Abstract: Many proof-reading services are currently focused on orthography, grammar, punctuation, and typography. In these areas, unresolved challenges for automated proofreading exist, comprising detection of so-called real-word errors, compliance with specific typesetting rules and company-specific spelling guidelines, and ensuring the use of gender-neutral language. Further tasks that currently require better solutions are the automatic detection of subjective language and incorrect information (e.g. dates, addresses) in customer documents. The major challenge results from linguistic problems (e.g. ambiguities) combined with a specific lack of training data, which have hindered scientific progress and maturity of software solutions.

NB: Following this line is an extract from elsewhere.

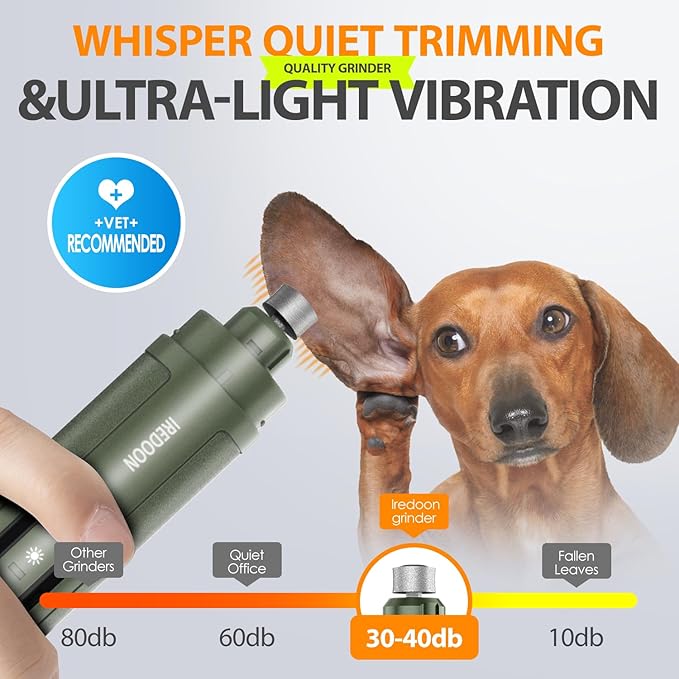 Dog Nail Grinder Upgraded - Professional 3-Speed Super Quiet and Low Vibration Electric Pet Nail Grinder with 4 LED Lights - Painless Paws Grooming & Smoothing for Small to Large Dogs (Green)-PawvioPets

Therefore, the aim of this project is to research and solve the identified scientific obstacles and build a reliable and advanced (semi-)automated proofreading and editing solution, which will be integrated into the proofreading process at Rotstift so that human effort is substantially reduced and Rotstift can scale up its services to a still growing demand, offering its services at a cheaper price to new customer segments.
Since 2019 Rotstift has been collecting manually corrected documents digitally. Hence, there is now a large and unique collection of around 80’000 documents available that can be used to train and evaluate machine learning algorithms. This will be accompanied by an active learning approach where human proofreaders are involved proactively when the solution lacks confidence regarding its error detection.